Er setzte auf Schlichtheit (Bühne: Rudy Sabounghi) – die kahlen, Todesahnung verheißenden Bäume, Holztische für die Trinkszenen, die gemütliche Stube des Wohnhauses von Charlotte, ihrem verwitweten Vater und ihren zahlreichen noch jungen Geschwistern, Schneeflocken in der finalen Dezember-Szene.
Am Anfang des dritten Aktes ist die Bühne nur von Kerzen erleuchtet – die Kammer wird gleichsam zur Abdankungshalle. Alles sehr werkgetreu und ohne falsche Regietheater-Ambitionen und Aktualisierungsgelüste.

Und doch wundert man sich, denn die Trinkszene soll doch eigentlich bei Tageslicht stattfinden, stattdessen herrscht tiefe Nacht. Auch dies Todesahnung verheißend? Augenscheinlich blitzt Humor auf, wenn die Trinker Bacchus und den Wein preisen und dabei ihre Biergläser leeren: eine Hommage ans belgische Nationalgetränk?
Der Dirigent Giampaolo Bisanti schöpft aus dem Vollen: ein präzis intonierendes Orchester lässt aus dem Orchestergraben herrliche Klangwolken aufsteigen – die perfekte Akustik des zweihundertjährigen Opernhauses unterstützt das wahrhaft königliche Klangerlebnis.

Unbestreitbar musikalischer Höhepunkt von Weltniveau bot das tragische Liebespaare: Der mexikanische Tenor Arturo Chacón-Cruz brachte einzigartigen tenoralen Schmelz und ungebremste Leidenschaft auf die Bühne und lief, wie zu erwarten war, in der Schlüsselarie „Pourquoi me réveiller“ zu Höchstform auf. Jonas Kaufmann glänzte einst an der Pariser Opéra Bastille in dieser Rolle – Chacón-Cruz stand Jonas Kaufmann in nichts nach…
Die französische Mezzosopranistin Clémentine Margaine war diesem Werther eine kongeniale Partnerin als Charlotte, verzweifelt hin- und hergerissen zwischen ihrer eigenen Leidenschaft und ihrem absoluten Gehorsam gegenüber der verstorbenen Mutter betreffend ihrer Entscheidung, den (von Massenet musikalisch farblos und unerotisch gezeichneten) Albert zu ehelichen.

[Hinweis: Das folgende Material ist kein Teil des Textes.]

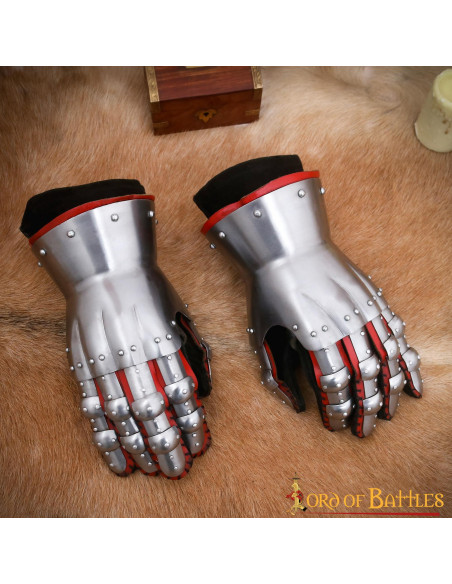 Medieval gauntlets Hourglass, S. XIV
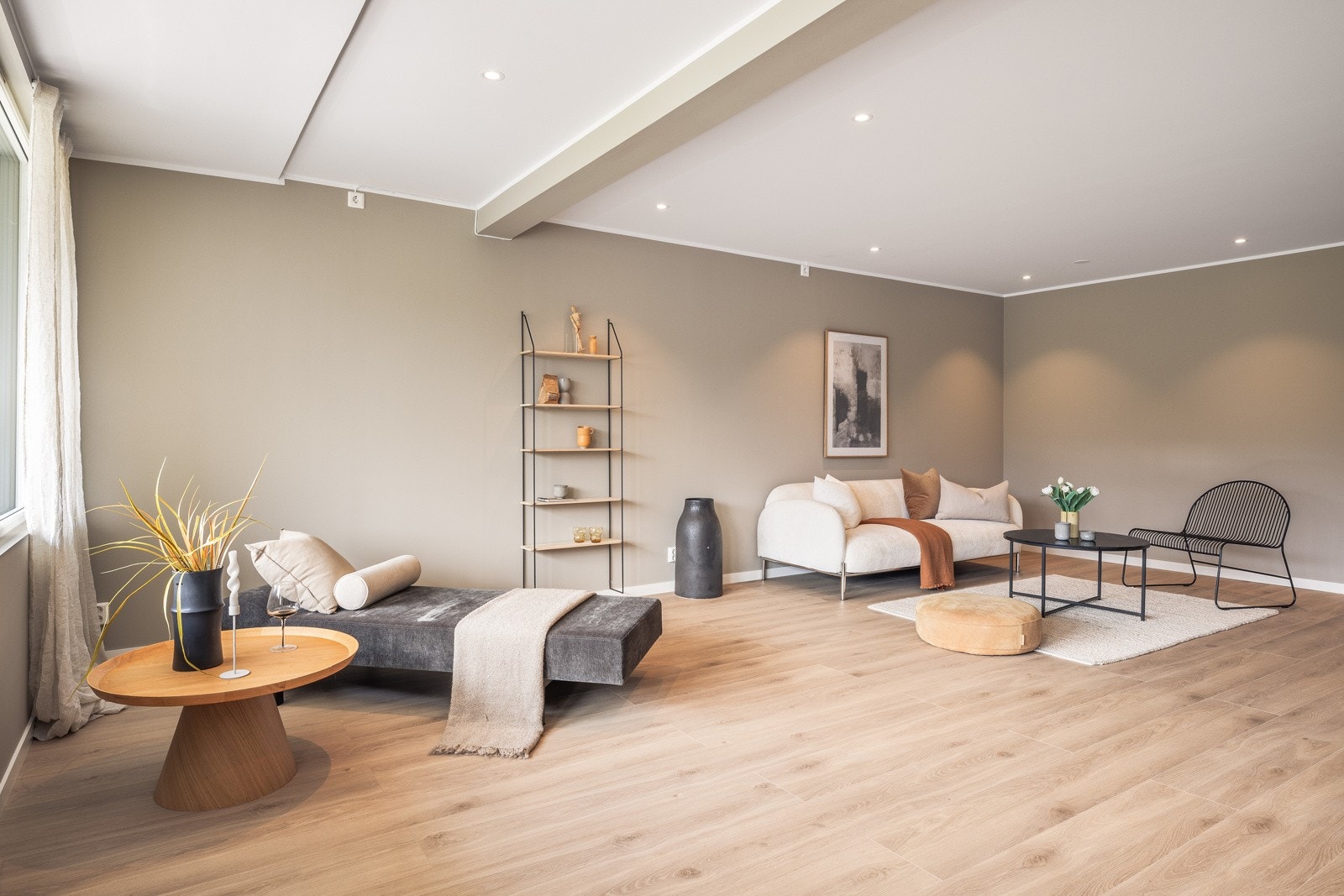 Den romslige størrelsen på stuen gir god plass til å innrede helt etter eget ønske Galleribilde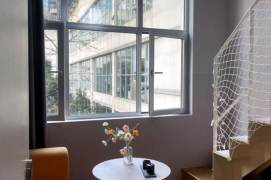 1Loft near line 10 Jiao'tong Uni and Xin'tian'di can long and short term lease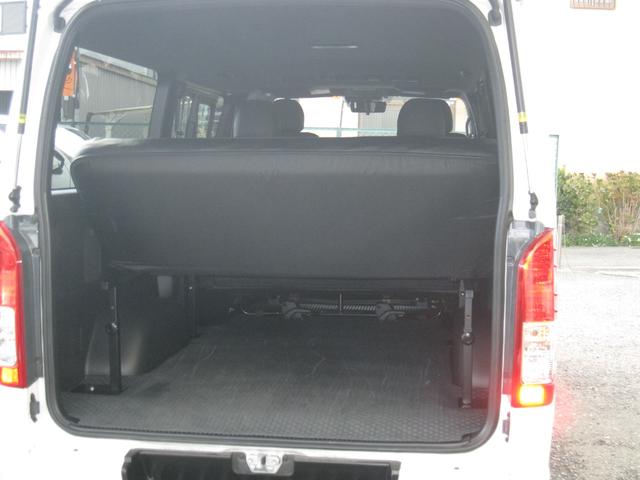 ハイエースバン スーパーGL ダークプライムII 2inローダウン 16inタイヤ/ホイール ESEEXスポイラー カロッツェリアナビ フルセグTV シートカバー ベッドキット ETC 全方位360度カメラ デジタルインナーミラー パールホワイト(61枚目)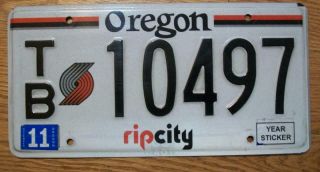 Single Oregon License Plate - Tb 10497 - Ripcity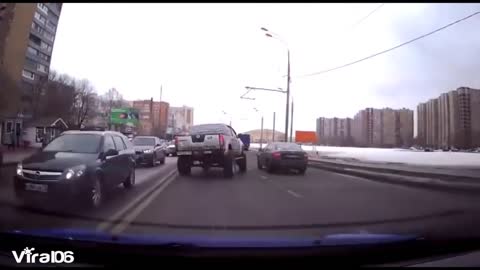 Dash Cam Car Crashes //Russian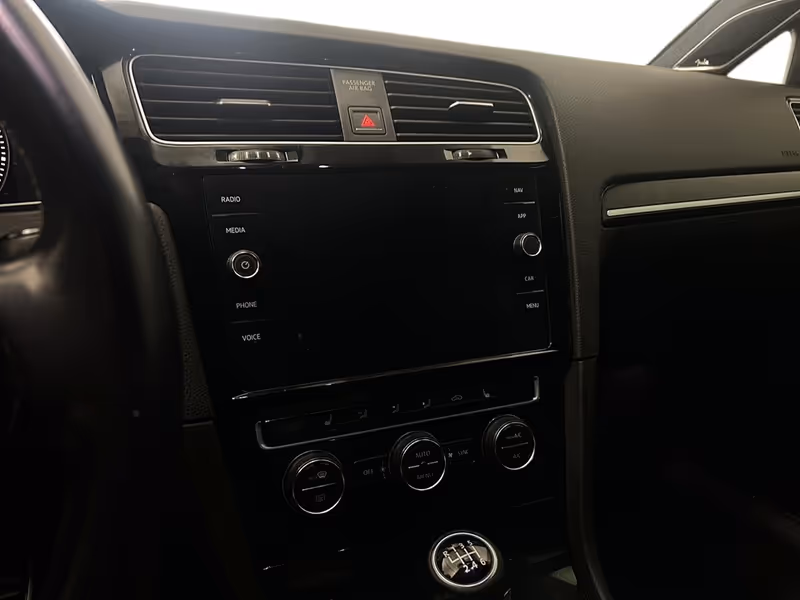 2018 Volkswagen Golf R 2.0T Manual w/DCC/Nav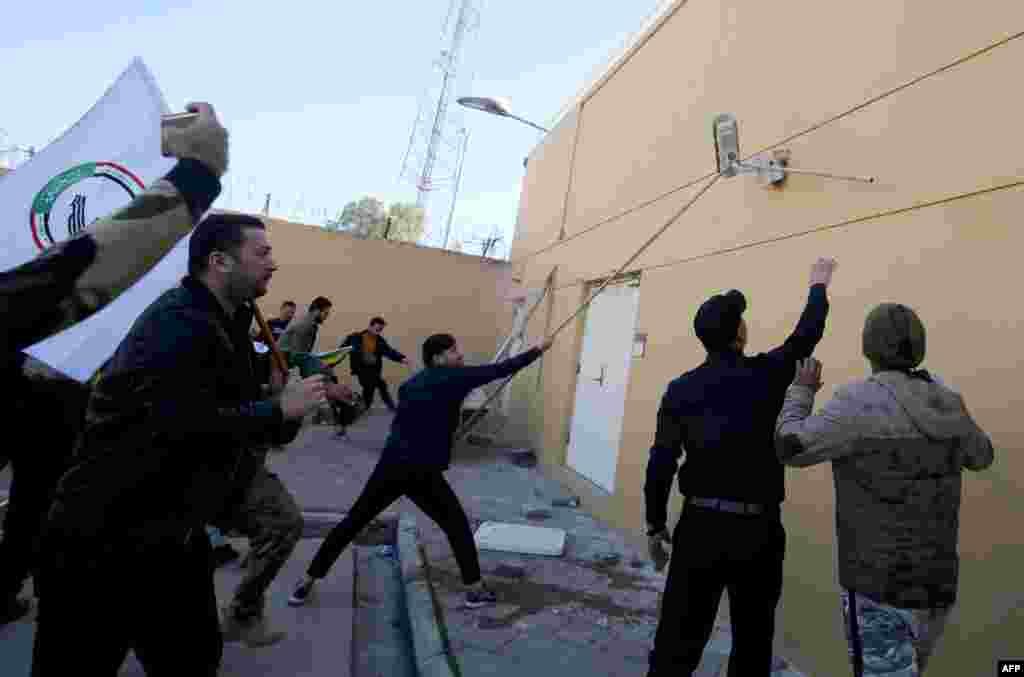 No estuvo claro de inmediato qué causo el fuego en la zona de recepción, ubicada cerca del estacionamiento del complejo (Foto: AFP/Ahmad Al-Rubaye)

Stimmlich überragend, mit satter fraulicher Tiefe verkörperte Margaine den unlösbaren Konflikt zwischen ihrer abgrundtiefen Liebe zu Werther und der vom Gewissen erzwungenen Loyalität zum ungeliebten Ehemann Albert, der vom belgischen Bariton Ivan Thirion verkörpert wurde.

Charlottes jüngere Schwester Sophie, dargeboten von der entzückenden russischen Sopranistin Elena Galitskaya, erklimmt mit müheloser Leichtigkeit und glockenheller Stimme die Koloraturen, welche dieser Part erfordert – das musikalische und psychologische Gegenstück zur tragisch liebenden älteren Schwester.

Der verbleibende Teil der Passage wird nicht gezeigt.